Work instructions
Copy word for word the lines of the records below, beginning at the one with "Zrození námořního obrněnce - Milan Jelínek" and finishing at the one with "Divine Destiny T-Shirt", ends included, but none of the pictures.

Information provided
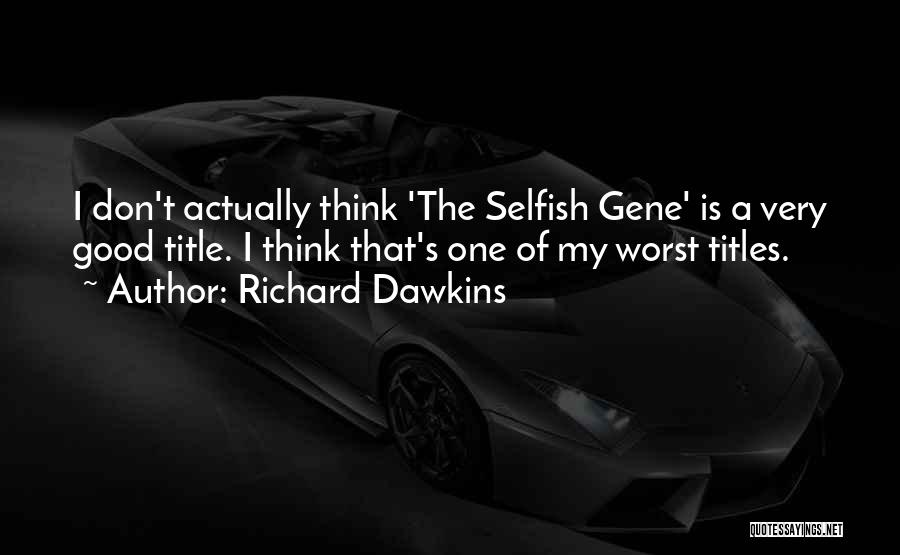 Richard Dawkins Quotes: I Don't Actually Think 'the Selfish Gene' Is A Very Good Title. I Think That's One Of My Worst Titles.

* * *

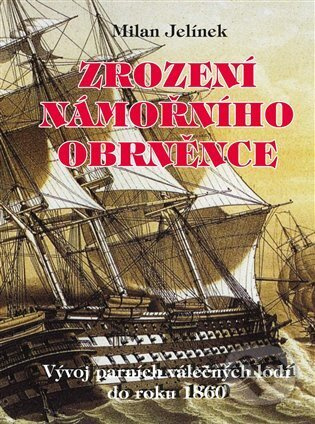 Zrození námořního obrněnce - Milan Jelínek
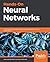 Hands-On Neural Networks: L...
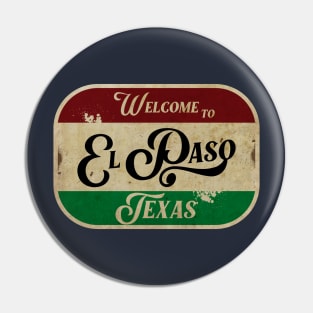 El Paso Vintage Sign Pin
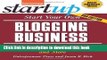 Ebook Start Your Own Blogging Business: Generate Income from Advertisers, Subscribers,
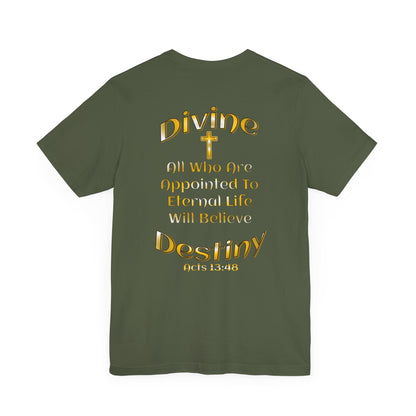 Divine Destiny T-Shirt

* * *

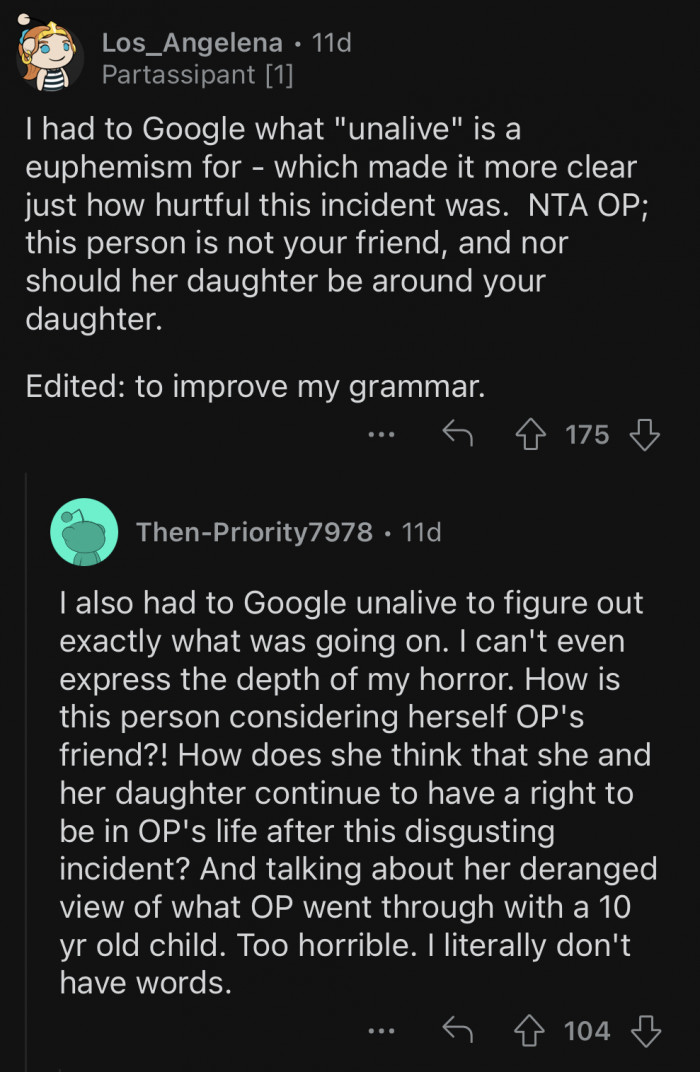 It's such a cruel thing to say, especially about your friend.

Response to this task
 Zrození námořního obrněnce - Milan Jelínek
 Hands-On Neural Networks: L...
 El Paso Vintage Sign Pin
 Ebook Start Your Own Blogging Business: Generate Income from Advertisers, Subscribers,
 Divine Destiny T-Shirt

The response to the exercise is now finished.